The team worked late, suffering through some ugly Ohio weather while the white Acura Integra sat in the muddy paddock grass, but Hondaworks got the car ready in time. After practice, Helms said the car was solid, but not as fast as his Civic. He was happy to get the chance to race but still disappointed that he wouldn’t be driving his own car, which, in his own words, “Would have guaranteed me the Championship.” Meanwhile, across the pits, 2011 NASA Honda Challenge 1 champion Jonathan Meris had been busy trying to overcome a few hardships of his own. Meris, who finished just ahead of Helms the previous year, had sold his championship-winning Acura Integra before he decided to come back to the Championships to defend his title. When he made that decision, Meris, who lives in Sacramento, Calif., realized he would need a new racecar. And fast.
So he decided to build another blue Integra. The build wasn’t coming along quite as quickly as it probably should have, and when it was time to leave for Ohio, he had a freshly painted shell of an Integra with a cage welded in and an engine mounted under the hood.

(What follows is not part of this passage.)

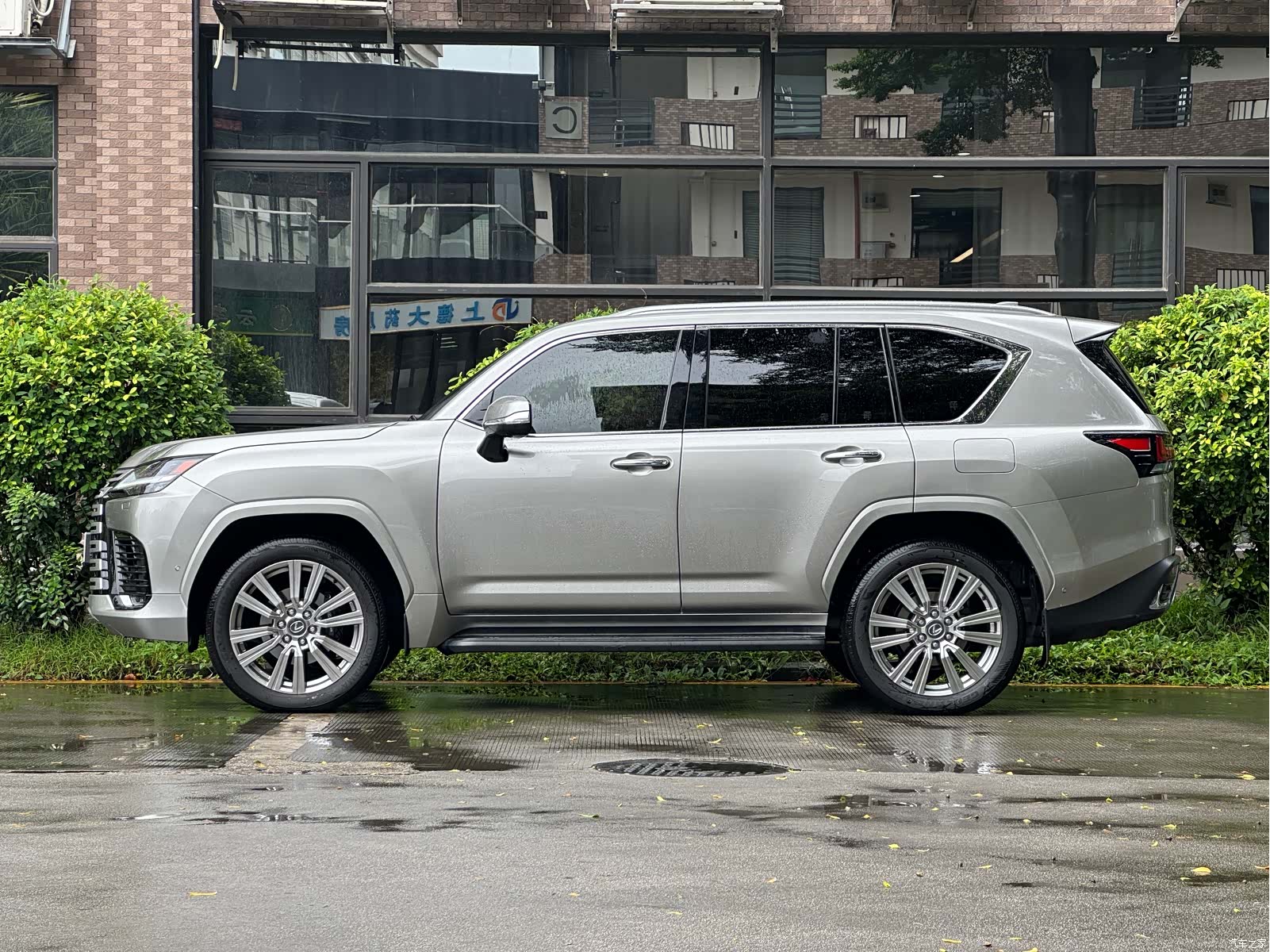 Lexus LX, 2026 2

The rest of the car was incomplete. Meris, along with his crew, Anthony Samonte and Enrico Cruz, began the lengthy tow from California to Ohio on Monday night at about 10 p.m.
They stopped at a random shop in Iowa and welded the exhaust on the car. They also found an alignment shop in Iowa where they could put a few suspension components on the car and get it aligned. Then they continued on to Ohio, but during the late night hours, they fell asleep while driving and crashed the truck and trailer into a ditch on a toll road near Toledo. The trailer suffered minor damage but was still operable. The half-built 1994 Integra seemed fine in the trailer, so they continued on to Ohio.
Once they got to the track, they pulled their tools and car into garage two and got to work. The car had a long way to go, and it would still have to pass tech inspection before it could hit the track. They worked on the car through the first Honda Challenge qualifying race, the second qualifying race and all practice sessions. Competitors and friends came by to help with the build. Because it was taking so long to get the car done, Meris missed every opportunity to get the car onto the track at Mid-Ohio.
Saturday morning, the day of the race, the crew continued to piece the car together. The Honda Challenge race started at 12:25 p.m. At 11:50 a.m., the car was on jack stands, with no wheels, and the brakes were still being bled. At 12:00 the car didn’t have a single sticker on it, no car numbers or any of the required NASA decals. At 12:10 the car didn’t have a steering wheel or a radio antenna. Shawn Sampson from Sampson Racing Communications showed up and installed one while the crew slapped on the stickers. Meris jumped into his driving suit.
At 12:15, the grid whistle was blowing. Meris slid into the driver seat and drove the car to grid. He was about to enter the track without ever having taken a single corner in the car. The crew didn’t know where to set the shocks or the rear sway bar adjustments. They put every setting in the middle and hoped for the best. While the car was on grid for about five seconds before the field was sent on track, crew members were peeling the backing off Toyo Tire stickers to put on the front fenders when suddenly the car drove away, the pace lap had begun, and Meris headed out on track. The car hadn’t been weighed or tested. Nobody was even sure the car would finish the first lap, let alone handle well. The crew kept their fingers crossed and waited for the start.
Meris and Helms started from the back of the grid for the championship race. Helms and the rest of the field left Meris behind as he struggled to get his fresh-as-could-be Acura going. Helms had gotten such a good start that he clawed his way up to second before an off at the Carousel put him back to third. As the race wore on, Meris worked his way through the field and began to reel in Helms for third. Helms and Meris diced with each other on track and the race was starting to look like a repeat battle from 2011. At the checkered flag, Meris was in second, with Helms in third. Meris was later disqualified for being some 40 pounds underweight, which bumped Helms to finish in second place for the second time in two years.
Let’s hope the 2012 Championships go a more smoothly for Meris and Helms.